In a massive trade executed on Friday afternoon, one trader appears to be betting big that small-cap stocks are set to sink.
At 2:30 E.D.T., a trader appeared to execute a "put spread" on the IWM ETF, which tracks the Russell 2000 small-cap benchmark. Specifically, this trader bought 38,447 120-strike put options contracts and sold an equal number of 114-strike puts, for a total cost of $1.55 per share. Since each options contract refers to 100 shares of stock, the trade cost nearly $6 million in options premium.
Maximum profit here comes if the IWM, which was at $120.84 at the time of the trade, closes below $114 on November 18. If small caps indeed slide more than 5 percent in as many weeks, this options spread will be worth $6 per share, for a $17.1 million profit.
This options trade, one of the largest of the day, appears to represent a bearish outlook on the market. However, it is worth remembering that options on broad indexes are more frequently used to hedge than to speculate, so this could also represent downside protection against a diversified portfolio.

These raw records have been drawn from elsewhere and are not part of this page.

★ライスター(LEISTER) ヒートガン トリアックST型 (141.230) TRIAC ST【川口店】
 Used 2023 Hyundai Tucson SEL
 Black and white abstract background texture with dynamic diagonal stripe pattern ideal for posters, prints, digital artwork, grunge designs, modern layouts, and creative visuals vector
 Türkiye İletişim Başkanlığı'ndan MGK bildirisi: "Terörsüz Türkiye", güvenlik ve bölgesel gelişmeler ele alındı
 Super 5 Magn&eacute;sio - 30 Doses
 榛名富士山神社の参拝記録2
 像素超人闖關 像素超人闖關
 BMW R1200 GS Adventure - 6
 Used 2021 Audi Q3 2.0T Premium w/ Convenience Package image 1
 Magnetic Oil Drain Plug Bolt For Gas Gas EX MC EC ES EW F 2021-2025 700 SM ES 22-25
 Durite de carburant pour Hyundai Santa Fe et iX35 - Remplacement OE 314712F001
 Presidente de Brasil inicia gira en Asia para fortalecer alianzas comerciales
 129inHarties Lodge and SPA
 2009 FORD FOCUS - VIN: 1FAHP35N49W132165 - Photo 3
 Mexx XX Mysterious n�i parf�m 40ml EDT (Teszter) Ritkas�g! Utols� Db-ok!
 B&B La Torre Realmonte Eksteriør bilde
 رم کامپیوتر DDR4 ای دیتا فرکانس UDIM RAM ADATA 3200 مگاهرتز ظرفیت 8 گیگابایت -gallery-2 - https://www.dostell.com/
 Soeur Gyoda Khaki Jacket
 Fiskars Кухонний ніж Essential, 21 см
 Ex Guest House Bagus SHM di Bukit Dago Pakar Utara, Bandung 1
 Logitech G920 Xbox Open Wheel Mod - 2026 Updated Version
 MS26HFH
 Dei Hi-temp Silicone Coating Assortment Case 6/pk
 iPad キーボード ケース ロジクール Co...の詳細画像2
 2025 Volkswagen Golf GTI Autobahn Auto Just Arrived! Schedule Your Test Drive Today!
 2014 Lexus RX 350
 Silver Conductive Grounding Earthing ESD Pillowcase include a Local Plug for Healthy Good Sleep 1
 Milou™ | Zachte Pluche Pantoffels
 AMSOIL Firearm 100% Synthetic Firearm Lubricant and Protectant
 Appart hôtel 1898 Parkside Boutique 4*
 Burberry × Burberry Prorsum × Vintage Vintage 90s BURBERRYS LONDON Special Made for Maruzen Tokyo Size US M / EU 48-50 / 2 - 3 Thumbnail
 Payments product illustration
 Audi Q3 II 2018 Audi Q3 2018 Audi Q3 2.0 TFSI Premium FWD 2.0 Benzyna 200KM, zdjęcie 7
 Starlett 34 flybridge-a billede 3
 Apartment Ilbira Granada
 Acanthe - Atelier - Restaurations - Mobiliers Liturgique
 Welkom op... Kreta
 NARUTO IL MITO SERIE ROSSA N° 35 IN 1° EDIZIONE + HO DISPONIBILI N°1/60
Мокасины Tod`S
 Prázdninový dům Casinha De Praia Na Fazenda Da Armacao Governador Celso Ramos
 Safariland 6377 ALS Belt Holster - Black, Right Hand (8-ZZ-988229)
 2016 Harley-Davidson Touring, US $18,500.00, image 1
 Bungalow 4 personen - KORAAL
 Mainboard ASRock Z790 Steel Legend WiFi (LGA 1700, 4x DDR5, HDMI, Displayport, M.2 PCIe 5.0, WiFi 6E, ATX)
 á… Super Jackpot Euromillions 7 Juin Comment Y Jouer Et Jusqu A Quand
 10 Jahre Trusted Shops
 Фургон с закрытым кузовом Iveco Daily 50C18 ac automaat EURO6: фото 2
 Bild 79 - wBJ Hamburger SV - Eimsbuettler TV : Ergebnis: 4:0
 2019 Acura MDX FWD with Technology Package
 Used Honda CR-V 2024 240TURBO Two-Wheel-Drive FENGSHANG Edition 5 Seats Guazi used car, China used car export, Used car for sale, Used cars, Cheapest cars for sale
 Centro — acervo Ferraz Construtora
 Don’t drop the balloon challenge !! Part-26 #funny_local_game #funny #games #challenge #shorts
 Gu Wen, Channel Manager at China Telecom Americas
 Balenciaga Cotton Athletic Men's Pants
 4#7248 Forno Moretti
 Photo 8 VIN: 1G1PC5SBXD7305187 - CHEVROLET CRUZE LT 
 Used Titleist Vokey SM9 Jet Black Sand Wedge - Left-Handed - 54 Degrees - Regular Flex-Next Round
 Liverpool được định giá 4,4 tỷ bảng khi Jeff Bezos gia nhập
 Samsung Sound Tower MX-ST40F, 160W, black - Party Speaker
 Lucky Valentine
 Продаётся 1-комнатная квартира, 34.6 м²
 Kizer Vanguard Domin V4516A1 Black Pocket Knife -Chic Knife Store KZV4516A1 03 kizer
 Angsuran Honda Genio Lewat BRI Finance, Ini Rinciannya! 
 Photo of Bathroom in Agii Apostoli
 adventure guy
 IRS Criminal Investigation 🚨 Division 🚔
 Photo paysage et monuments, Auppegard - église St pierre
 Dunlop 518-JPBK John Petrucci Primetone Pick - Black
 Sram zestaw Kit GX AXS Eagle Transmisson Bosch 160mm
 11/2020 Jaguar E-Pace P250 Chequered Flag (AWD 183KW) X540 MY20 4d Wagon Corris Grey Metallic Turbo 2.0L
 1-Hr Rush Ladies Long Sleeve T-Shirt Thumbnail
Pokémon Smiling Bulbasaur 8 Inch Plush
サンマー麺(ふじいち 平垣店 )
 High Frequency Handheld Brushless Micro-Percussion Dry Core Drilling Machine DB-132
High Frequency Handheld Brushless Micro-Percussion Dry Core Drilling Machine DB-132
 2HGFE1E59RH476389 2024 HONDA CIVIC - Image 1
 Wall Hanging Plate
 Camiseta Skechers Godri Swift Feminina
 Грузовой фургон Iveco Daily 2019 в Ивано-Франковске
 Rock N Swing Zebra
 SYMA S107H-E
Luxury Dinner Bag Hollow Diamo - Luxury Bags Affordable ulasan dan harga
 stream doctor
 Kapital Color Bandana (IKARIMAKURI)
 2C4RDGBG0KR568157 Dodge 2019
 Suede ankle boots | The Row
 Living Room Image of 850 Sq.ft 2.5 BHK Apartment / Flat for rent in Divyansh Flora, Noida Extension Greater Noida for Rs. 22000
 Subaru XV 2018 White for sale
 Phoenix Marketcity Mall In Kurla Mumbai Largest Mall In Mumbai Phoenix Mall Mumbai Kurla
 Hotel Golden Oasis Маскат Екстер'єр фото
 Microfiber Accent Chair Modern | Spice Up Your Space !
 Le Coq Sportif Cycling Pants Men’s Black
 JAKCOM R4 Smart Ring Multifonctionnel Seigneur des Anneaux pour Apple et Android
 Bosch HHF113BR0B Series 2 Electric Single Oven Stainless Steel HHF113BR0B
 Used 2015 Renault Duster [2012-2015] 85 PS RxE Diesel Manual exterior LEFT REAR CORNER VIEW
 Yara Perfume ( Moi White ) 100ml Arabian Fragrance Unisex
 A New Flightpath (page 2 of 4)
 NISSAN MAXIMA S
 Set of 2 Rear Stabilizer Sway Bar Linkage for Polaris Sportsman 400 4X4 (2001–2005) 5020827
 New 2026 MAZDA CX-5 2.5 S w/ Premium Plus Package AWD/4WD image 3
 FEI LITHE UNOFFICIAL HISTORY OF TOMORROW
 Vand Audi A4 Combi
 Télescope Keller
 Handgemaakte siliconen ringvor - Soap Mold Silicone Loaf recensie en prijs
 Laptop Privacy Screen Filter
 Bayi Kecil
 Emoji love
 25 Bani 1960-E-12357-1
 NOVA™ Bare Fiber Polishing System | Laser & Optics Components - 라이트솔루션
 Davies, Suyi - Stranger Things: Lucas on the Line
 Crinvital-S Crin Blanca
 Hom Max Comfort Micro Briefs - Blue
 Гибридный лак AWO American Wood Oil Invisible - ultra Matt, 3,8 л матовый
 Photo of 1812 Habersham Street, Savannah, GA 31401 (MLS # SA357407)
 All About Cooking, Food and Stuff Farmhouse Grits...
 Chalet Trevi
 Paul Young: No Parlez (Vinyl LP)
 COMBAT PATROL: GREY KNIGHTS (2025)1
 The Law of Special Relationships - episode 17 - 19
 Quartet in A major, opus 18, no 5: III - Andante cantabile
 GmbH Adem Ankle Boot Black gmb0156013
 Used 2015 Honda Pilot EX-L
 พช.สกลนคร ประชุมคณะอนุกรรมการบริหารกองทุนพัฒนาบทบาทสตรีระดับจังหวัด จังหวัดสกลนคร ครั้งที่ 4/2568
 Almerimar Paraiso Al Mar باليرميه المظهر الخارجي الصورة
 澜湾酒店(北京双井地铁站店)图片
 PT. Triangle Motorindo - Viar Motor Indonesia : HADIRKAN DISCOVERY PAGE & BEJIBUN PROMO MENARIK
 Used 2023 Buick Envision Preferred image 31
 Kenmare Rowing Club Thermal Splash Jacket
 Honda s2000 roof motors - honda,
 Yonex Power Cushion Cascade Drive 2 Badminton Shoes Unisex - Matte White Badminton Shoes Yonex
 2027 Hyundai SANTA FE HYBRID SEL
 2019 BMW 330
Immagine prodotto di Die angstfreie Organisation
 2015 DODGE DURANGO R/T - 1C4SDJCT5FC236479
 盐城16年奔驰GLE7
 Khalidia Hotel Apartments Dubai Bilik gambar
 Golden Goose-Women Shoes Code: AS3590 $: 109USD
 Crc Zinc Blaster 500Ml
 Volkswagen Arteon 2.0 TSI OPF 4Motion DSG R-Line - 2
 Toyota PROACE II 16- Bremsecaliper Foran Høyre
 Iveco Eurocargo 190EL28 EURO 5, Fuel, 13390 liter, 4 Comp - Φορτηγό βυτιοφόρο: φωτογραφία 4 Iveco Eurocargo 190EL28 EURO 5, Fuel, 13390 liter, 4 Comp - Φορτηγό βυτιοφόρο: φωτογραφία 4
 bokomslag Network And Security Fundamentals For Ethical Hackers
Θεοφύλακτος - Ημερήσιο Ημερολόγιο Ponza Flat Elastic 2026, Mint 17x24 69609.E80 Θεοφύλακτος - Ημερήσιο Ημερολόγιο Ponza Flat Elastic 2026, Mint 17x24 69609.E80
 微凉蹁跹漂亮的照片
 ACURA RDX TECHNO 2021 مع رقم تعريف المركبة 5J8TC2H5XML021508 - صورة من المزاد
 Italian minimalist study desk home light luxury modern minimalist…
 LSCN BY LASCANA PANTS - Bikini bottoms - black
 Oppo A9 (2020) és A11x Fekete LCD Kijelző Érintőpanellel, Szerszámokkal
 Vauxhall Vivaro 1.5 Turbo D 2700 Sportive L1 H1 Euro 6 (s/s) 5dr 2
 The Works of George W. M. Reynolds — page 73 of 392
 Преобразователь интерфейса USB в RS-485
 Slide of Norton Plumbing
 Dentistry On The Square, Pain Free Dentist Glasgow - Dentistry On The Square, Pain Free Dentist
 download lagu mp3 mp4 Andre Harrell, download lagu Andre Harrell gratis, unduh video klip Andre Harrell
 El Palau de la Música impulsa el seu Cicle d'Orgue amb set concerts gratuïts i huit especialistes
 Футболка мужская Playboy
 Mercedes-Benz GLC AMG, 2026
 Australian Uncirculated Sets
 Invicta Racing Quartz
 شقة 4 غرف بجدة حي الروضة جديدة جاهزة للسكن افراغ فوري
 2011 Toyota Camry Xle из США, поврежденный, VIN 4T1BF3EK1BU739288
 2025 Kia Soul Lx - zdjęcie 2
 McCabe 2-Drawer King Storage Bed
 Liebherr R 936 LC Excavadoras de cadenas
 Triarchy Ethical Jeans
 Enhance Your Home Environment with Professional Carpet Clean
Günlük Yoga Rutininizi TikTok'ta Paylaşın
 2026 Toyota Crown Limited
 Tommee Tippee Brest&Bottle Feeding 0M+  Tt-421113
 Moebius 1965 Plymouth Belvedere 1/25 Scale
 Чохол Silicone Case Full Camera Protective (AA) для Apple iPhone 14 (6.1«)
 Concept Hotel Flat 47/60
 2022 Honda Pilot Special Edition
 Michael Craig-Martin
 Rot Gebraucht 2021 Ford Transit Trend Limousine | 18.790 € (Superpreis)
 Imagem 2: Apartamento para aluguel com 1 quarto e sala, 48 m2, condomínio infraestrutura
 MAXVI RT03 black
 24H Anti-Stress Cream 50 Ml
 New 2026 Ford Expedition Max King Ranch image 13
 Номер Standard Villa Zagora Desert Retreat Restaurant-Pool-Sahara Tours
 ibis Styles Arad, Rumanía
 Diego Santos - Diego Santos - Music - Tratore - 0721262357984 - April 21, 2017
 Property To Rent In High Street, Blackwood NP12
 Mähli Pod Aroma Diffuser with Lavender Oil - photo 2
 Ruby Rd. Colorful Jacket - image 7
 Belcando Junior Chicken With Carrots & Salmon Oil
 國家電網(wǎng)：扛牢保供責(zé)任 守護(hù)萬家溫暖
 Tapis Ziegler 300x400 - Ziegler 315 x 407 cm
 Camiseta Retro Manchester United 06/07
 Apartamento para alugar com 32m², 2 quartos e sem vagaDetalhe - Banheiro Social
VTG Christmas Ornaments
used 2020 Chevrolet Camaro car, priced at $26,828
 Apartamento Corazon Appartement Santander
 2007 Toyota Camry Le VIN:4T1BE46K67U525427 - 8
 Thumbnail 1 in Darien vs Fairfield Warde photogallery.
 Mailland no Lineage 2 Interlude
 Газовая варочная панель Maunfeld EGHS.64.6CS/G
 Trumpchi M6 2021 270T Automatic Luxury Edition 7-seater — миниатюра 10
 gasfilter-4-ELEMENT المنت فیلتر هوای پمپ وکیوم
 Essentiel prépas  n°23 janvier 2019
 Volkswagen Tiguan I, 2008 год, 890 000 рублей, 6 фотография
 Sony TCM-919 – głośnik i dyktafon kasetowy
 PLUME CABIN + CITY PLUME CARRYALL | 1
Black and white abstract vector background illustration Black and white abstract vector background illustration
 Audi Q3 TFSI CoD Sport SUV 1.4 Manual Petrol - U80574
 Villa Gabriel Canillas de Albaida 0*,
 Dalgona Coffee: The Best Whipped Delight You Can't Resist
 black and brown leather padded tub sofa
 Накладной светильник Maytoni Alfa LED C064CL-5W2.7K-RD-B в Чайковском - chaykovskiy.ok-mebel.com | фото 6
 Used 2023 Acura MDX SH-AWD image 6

Indeed, this trade could perhaps be designed to protect a portfolio against a big market reaction to the presidential election.
Some traders believe that the election could bring some big moves between now and year's end.
"I think we could have more volatility over the next three months plus, particularly with the election and its fallout," Zachary Karabell, head of global strategy at Envestnet, said Thursday on CNBC's "Trading Nation."
If he proves to be right, buying short-term options could prove to be a great move in hindsight.